Improve macro table performance
In the existing implementation, when a new macro is added, the whole
table has to be sorted again. Hence the cost of adding n macros is
worse than O(n^2), due to arithmetic progression.
This change drops all qsort(3) stuff altogether, by carefully preserving
table in sorted order. In findEntry routine, bsearch(3) is replaced
with customized binary search which tracks position for insertion.

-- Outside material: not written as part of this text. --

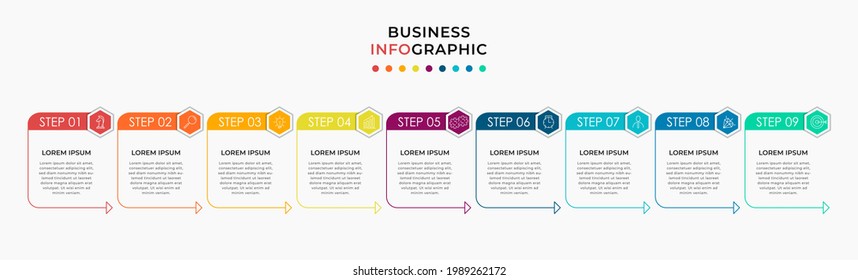 Vector Infographic design business template with icons and 9 options or steps. Can be used for process diagram, presentations, workflow layout, banner, flow chart, info graph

In the addMacro routine, if a matching entry is not found, this
position is used for direct insertion, after the rest of the elements
are "shifted to the right" with memmove(3). Likewise, in delMacro
routine, the elements are shifted back to the left when the last macro
definition is popped. Technically, shifting half of the array with
memmove(3) is still O(n^2); however, modern CPUs process contiguous
memory in a very efficient manner, and glibc provides a fine-tuned
memmove(3) implementation.
Also, macro table entries are now allocated in a single chunk.
This change reduces rpm startup costs by factor of 6. Also, this change
improves specfile parser performance by a factor of 2 (e.g. the parse
time of texlive.spec is reduced from 67s to 35s).
Signed-off-by: Panu Matilainen <pmatilai@redhat.com>
(cherry picked from commit
301d5450a1c7849f9eb4ead11d00c8a20ea6a6bd)